→ **Work task**
The records appear below. Set down exactly each line from the one that contains "大桥|大爷大妈攀行汉江大桥外栏，身下就是滚滚江水" through the last, both included.

→ **Exercise input**
*** Begin section ***

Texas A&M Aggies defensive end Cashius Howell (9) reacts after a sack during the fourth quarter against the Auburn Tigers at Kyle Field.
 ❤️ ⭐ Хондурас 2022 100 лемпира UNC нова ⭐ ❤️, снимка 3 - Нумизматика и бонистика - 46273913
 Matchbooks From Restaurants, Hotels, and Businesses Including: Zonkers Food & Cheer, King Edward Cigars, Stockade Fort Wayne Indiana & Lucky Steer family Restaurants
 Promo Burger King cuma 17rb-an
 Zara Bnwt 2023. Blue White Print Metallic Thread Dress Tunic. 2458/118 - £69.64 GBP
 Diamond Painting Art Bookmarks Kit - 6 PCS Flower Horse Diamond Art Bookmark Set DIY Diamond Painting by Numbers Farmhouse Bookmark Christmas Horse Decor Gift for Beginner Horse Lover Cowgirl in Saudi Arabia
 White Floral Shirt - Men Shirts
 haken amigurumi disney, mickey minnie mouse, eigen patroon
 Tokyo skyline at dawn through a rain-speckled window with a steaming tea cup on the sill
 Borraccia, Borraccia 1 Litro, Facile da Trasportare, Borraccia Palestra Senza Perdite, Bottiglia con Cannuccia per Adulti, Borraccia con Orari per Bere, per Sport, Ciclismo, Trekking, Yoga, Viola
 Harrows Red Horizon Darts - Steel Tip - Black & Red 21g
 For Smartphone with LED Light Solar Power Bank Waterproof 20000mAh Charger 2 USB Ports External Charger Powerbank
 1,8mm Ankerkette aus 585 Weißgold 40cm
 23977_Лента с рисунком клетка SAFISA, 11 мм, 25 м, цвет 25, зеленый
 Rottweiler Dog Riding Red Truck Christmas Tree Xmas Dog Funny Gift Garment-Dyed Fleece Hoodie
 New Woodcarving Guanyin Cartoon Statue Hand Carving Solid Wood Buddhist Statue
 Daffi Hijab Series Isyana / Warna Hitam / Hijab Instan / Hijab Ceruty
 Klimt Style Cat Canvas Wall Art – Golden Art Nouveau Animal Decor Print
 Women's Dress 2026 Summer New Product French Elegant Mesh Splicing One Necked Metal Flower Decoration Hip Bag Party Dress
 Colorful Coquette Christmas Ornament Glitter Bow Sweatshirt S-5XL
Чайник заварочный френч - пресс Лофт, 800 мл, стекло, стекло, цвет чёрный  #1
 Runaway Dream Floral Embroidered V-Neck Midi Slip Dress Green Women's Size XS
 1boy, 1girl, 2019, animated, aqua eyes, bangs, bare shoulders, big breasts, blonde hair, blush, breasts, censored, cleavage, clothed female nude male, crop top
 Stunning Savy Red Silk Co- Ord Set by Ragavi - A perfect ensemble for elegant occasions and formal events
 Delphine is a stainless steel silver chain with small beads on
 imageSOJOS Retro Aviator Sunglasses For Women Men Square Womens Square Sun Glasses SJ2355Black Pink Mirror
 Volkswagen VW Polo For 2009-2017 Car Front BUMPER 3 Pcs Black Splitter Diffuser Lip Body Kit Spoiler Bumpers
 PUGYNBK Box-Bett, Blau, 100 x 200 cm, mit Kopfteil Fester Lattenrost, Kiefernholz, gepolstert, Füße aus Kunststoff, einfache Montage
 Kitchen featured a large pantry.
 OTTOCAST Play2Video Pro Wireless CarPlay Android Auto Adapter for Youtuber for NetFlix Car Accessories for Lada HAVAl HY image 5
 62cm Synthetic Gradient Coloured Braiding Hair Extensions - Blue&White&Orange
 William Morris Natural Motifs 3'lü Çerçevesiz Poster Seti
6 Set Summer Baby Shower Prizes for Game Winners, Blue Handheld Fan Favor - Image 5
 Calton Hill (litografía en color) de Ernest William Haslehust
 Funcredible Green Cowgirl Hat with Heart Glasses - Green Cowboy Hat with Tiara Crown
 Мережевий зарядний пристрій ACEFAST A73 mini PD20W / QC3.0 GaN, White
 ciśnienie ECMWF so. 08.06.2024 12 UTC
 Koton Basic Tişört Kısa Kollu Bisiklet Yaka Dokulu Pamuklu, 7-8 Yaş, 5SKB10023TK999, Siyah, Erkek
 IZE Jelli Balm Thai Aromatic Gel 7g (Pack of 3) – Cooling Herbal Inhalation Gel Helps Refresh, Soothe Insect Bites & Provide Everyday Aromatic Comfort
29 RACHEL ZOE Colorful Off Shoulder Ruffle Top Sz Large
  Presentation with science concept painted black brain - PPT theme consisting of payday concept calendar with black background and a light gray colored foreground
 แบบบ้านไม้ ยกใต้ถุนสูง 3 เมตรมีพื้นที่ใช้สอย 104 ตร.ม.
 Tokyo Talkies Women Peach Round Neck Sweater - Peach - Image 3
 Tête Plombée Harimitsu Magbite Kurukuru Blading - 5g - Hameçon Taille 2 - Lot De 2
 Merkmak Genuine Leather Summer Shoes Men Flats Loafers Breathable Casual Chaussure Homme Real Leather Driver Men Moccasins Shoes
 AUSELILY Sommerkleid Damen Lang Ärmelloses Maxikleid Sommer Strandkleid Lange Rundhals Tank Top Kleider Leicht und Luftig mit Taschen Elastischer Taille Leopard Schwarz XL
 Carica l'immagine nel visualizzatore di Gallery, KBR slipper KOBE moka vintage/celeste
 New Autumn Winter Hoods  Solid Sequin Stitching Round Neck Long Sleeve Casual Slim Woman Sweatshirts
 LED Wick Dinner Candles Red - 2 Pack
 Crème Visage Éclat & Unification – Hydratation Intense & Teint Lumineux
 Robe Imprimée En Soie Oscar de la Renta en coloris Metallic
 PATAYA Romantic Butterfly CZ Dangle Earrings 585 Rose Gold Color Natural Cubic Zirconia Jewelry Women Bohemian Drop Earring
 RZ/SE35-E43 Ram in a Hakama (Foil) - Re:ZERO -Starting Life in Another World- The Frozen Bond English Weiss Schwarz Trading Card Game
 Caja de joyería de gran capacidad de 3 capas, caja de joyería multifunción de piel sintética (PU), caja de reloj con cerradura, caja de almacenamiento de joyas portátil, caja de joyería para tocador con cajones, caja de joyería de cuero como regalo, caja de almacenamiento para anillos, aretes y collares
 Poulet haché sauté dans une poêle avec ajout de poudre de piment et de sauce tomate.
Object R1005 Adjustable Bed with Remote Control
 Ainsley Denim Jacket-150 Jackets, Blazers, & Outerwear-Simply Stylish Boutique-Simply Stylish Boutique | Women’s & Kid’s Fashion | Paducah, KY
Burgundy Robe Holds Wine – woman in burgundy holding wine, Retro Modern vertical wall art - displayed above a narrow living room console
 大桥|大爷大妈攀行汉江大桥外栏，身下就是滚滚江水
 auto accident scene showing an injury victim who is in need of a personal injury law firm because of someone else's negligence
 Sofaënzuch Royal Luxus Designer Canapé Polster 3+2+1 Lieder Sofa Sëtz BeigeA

*** End section ***

→ **Answer to the exercise**
 大桥|大爷大妈攀行汉江大桥外栏，身下就是滚滚江水
 auto accident scene showing an injury victim who is in need of a personal injury law firm because of someone else's negligence
 Sofaënzuch Royal Luxus Designer Canapé Polster 3+2+1 Lieder Sofa Sëtz BeigeA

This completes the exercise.